What the task requires
The whole listing that follows, pictures excepted, should be printed again exactly as given.

*** Given material ***

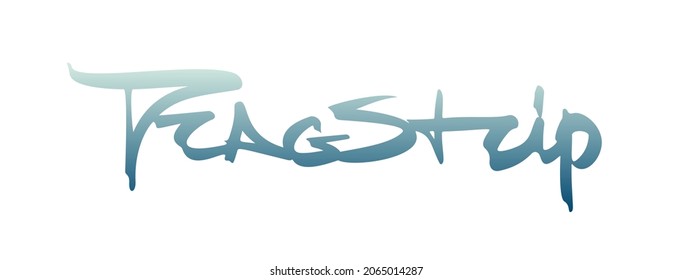 Dragstrip hand drawn text. Lettering, calligraphy word graphic. Illustration for logos, posters, banners, greeting card. Vector.	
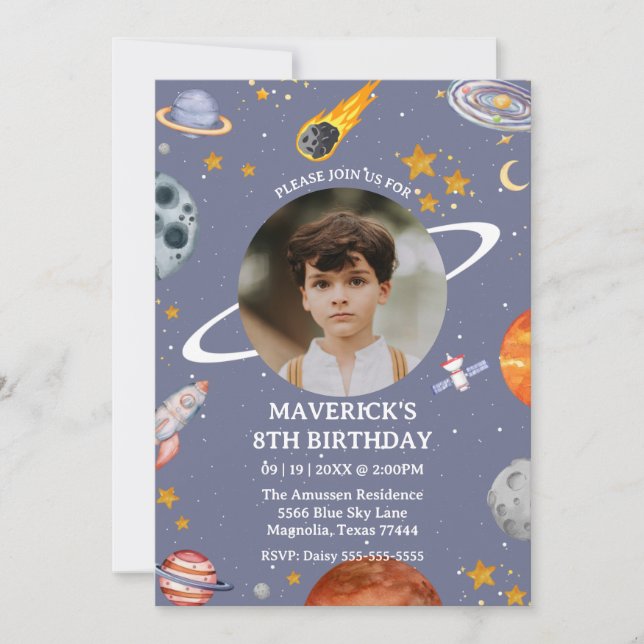 Invitation Astronaut Outer Space Kids Photo Birthday (Devant)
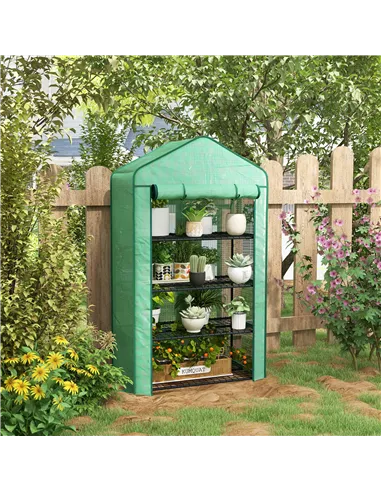 Outsunny Four-Tier Mini Greenhouse, with Reinforced Plastic Cover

*** End of Given material ***

Task result
 Dragstrip hand drawn text. Lettering, calligraphy word graphic. Illustration for logos, posters, banners, greeting card. Vector.	
 Invitation Astronaut Outer Space Kids Photo Birthday (Devant)
 Outsunny Four-Tier Mini Greenhouse, with Reinforced Plastic Cover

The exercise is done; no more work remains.